Problem to solve – Return the data below exactly as given, except for the images.
[Data provided]
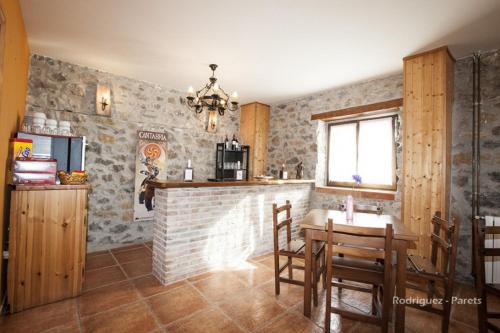 a kitchen with a brick fireplace and a table and chairs at El Pradón in Mar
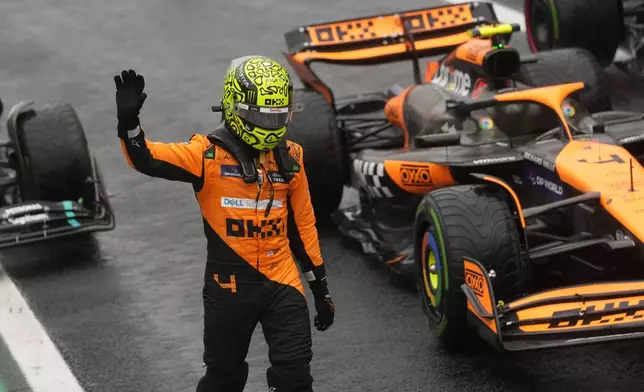 Pole position winner, McLaren driver Lando Norris of Britain, celebrates after the qualifying session ahead of the Brazilian Formula One Grand Prix at the Interlagos race track, in Sao Paulo, Brazil, Sunday, Nov. 3, 2024. (AP Photo/Andre Penner)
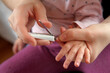 © Marina Demidiuk - Mother use Nail Trimmer with baby hand. Mom cutting tiny fingernails. Baby care concept. How to successfully clip your baby's nails. Closeup. Newborn hygiene. Clipping Child's Nails. Front view.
[/Data provided]
Result for this exercise –
 a kitchen with a brick fireplace and a table and chairs at El Pradón in Mar
 Pole position winner, McLaren driver Lando Norris of Britain, celebrates after the qualifying session ahead of the Brazilian Formula One Grand Prix at the Interlagos race track, in Sao Paulo, Brazil, Sunday, Nov. 3, 2024. (AP Photo/Andre Penner)
 © Marina Demidiuk - Mother use Nail Trimmer with baby hand. Mom cutting tiny fingernails. Baby care concept. How to successfully clip your baby's nails. Closeup. Newborn hygiene. Clipping Child's Nails. Front view.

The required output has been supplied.